Abram alas para o Ford: F-600, o primeiro Fordão do Brasil não era 100% brasileiro

Uma das pioneiras na montagem e fabricação de veículos no país foi a Ford, que participou de um importante processo de nacionalização e foi uma das empresas que mais se desenvolveram e, ao mesmo tempo, contribuíram com o crescimento do país. A inesquecível rivalidade entre Ford e Chevrolet na chegada dos veículos no país trouxe clássicos para a história dos caminhões brasileiros.



Atenta ao mercado brasileiro, a diretoria da Ford Motor Co. decidiu criar filial no Brasil, em 1919, um escritório e linha de montagem para a fabricação do Modelo T. Esta foi a primeira indústria automobilística a se instalar no país. Mal haviam estradas, quanto mais pavimentadas, mas os modelos de produção da Ford, que favoreciam o transporte dos veículos para longas distâncias, popularizou a marca. Até que em 1923 foi montado o primeiro caminhão Ford brasileiro.

A empresa se manteve nos primeiros anos, produzindo caminhões em operação por CKD (recebia as peças do exterior e realizava a montagem nas unidades brasileiras). A presença da Ford crescia em todas as frentes do transporte e atuou principalmente para a expansão das nossas divisas e fronteiras. Uma figura bastante comum para essa época e que estava associada ao Ford era o Marechal Cândido Rondon, um fiel usuário do Ford T em seus deslocamentos pelo sertão.



Os primeiros veículos da Ford também serviram de base para a construção das nossas primeiras “jardineiras”, carrocerias de madeira utilizadas para o transporte de passageiros, que foram introduzidas pela Grassi em 1936, dando origem ao que se tornaria a indústria brasileira de ônibus. O período entre guerras não permitiu que a Ford acelerasse seu desenvolvimento na América Latina. A primeira geração de utilitários Ford produzidos em solo brasileiro, eram projetos desenvolvidos nos Estados Unidos no pós-guerra, entre os anos de 1946 e 1950. Para o Brasil eles receberam algumas adaptações para a nossa realidade e iniciaram a produção.

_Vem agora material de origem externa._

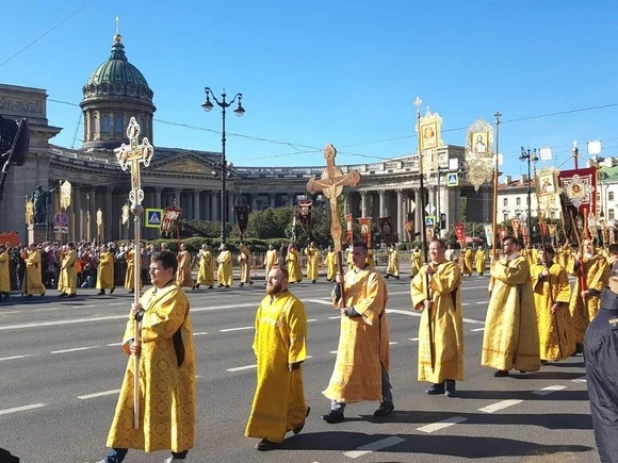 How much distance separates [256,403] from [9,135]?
9.73ft

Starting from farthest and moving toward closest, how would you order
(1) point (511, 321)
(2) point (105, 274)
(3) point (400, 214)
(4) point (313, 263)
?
(3) point (400, 214)
(4) point (313, 263)
(2) point (105, 274)
(1) point (511, 321)

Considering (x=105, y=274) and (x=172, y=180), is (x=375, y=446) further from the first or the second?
(x=172, y=180)

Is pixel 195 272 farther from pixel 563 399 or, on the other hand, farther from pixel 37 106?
pixel 563 399

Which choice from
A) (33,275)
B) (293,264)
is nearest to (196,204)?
(293,264)

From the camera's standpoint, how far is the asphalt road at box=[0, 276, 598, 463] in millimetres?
5805

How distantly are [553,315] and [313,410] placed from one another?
15.2 ft

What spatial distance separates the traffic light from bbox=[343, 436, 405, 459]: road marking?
3577 mm

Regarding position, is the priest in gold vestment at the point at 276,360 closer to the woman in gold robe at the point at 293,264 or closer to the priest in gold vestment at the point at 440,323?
the priest in gold vestment at the point at 440,323

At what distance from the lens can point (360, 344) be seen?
6.82 metres

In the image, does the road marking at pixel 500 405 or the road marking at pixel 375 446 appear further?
the road marking at pixel 500 405

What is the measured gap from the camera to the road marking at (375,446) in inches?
227

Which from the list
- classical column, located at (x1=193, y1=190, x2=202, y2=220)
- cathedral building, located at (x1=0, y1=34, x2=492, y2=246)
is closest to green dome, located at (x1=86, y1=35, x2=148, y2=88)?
cathedral building, located at (x1=0, y1=34, x2=492, y2=246)

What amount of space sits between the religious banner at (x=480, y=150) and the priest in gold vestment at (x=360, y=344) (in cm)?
453

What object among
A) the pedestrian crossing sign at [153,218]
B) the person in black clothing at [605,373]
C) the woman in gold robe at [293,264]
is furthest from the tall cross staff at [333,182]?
the woman in gold robe at [293,264] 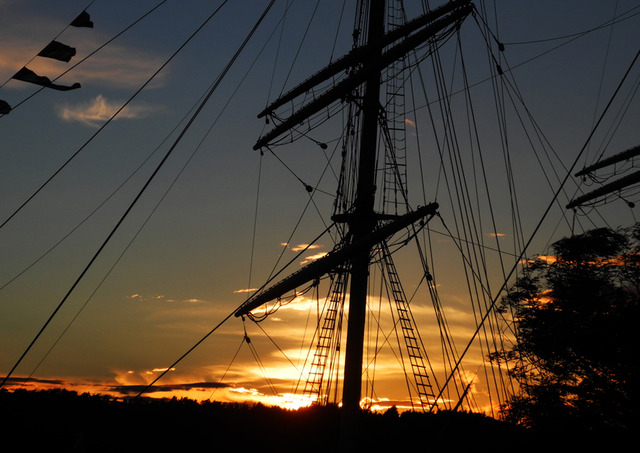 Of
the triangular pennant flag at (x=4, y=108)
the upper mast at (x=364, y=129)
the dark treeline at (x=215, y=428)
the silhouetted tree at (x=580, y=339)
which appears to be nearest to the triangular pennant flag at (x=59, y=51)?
the triangular pennant flag at (x=4, y=108)

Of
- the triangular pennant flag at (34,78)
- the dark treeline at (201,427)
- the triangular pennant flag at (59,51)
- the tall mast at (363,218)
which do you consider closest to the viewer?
the triangular pennant flag at (34,78)

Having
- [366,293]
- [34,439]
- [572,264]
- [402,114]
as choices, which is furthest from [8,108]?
[572,264]

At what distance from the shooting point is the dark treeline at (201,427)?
18484 millimetres

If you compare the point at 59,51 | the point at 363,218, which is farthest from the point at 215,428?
the point at 59,51

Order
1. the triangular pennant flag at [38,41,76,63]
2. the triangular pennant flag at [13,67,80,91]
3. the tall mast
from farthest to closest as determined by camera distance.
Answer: the tall mast, the triangular pennant flag at [38,41,76,63], the triangular pennant flag at [13,67,80,91]

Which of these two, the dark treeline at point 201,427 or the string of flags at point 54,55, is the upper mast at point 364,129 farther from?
the string of flags at point 54,55

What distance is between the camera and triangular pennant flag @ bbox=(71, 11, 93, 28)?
1002cm

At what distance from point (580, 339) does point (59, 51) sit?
23.0m

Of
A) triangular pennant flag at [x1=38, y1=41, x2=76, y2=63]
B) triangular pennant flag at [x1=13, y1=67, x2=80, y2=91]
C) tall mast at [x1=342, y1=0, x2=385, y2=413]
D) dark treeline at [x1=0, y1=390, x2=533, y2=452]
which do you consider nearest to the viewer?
triangular pennant flag at [x1=13, y1=67, x2=80, y2=91]

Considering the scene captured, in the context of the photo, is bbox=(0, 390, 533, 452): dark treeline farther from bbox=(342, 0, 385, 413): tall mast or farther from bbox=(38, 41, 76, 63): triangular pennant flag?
bbox=(38, 41, 76, 63): triangular pennant flag

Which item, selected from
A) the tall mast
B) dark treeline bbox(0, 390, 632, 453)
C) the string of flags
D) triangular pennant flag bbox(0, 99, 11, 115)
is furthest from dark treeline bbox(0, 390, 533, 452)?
the string of flags

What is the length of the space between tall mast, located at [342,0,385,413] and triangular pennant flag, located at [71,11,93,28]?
9989 millimetres

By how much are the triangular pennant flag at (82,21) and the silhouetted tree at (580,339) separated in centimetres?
1940

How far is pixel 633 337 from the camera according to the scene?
927 inches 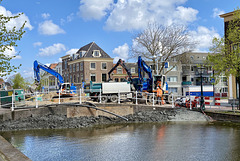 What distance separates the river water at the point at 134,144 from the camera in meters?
9.30

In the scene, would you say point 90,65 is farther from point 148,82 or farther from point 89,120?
point 89,120

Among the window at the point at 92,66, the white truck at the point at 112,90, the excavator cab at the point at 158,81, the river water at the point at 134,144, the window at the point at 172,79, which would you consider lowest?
the river water at the point at 134,144

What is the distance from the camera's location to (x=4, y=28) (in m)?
11.8

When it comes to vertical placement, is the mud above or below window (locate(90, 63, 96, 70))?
below

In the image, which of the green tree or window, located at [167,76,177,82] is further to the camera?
the green tree

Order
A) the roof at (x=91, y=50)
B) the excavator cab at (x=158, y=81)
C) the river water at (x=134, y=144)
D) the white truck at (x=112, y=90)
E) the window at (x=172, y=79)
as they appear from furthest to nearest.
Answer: the window at (x=172, y=79) < the roof at (x=91, y=50) < the excavator cab at (x=158, y=81) < the white truck at (x=112, y=90) < the river water at (x=134, y=144)

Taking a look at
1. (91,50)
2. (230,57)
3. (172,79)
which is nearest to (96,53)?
(91,50)

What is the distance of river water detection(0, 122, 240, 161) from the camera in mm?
9305

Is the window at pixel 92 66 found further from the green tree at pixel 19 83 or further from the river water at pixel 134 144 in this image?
the river water at pixel 134 144

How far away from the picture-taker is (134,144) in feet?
37.4

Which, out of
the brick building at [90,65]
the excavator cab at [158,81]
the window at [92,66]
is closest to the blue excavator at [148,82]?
the excavator cab at [158,81]

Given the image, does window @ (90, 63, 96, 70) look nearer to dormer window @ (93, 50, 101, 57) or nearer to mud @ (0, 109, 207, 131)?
dormer window @ (93, 50, 101, 57)

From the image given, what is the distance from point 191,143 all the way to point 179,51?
2529 cm

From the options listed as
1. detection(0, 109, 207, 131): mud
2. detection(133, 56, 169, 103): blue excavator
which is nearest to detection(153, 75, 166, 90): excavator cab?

Mas em 1948, colocou em produção o F-Series, uma série de caminhões leves e caminhões médios (Classe 2-7), que incluía picapes de tamanho normal, caminhões de chassis e veículos comerciais. Porém, mesmo que não houvesse apresentado grandes novidades no Brasil, ao completar 30 anos no país em 1949, a Ford já havia montado mais de 200.000 veículos. Na época, a industrialização ainda estava engatinhando, mas a partir de 1956 a política industrial brasileira passou por um momento de transição e passaram a surgir iniciativas do governo para incentivar a nacionalização de veículos.

Quando o projeto da Ford foi aprovado, no final de 1956, a quase totalidade dos componentes das cabines já era estampada no Brasil; a produção de algumas partes era terceirizada, caso das caçambas de picapes fornecidas pela Máquinas Piratininga e algumas centenas de itens diversos eram adquiridos junto a outros fabricantes nacionais.



Somente em 1957, a já estabelecida montadora lançou o seu primeiro clássico. Saía da linha de produção o F-600, primeiro caminhão Ford fabricado no Brasil, que tinha 40% de índice de nacionalização. Ele fazia parte da tradicional linha F da Ford, equipado com motor V8 de 4,5 litros a gasolina, com potência de 161 cv e capacidade de 6,5 toneladas. Mesmo o pesado não sendo 100% brasileiro, pois mais da metade das peças era importada dos EUA, já foi um avanço para a marca, pois até então o caminhão todo era importado e apenas montado no Brasil.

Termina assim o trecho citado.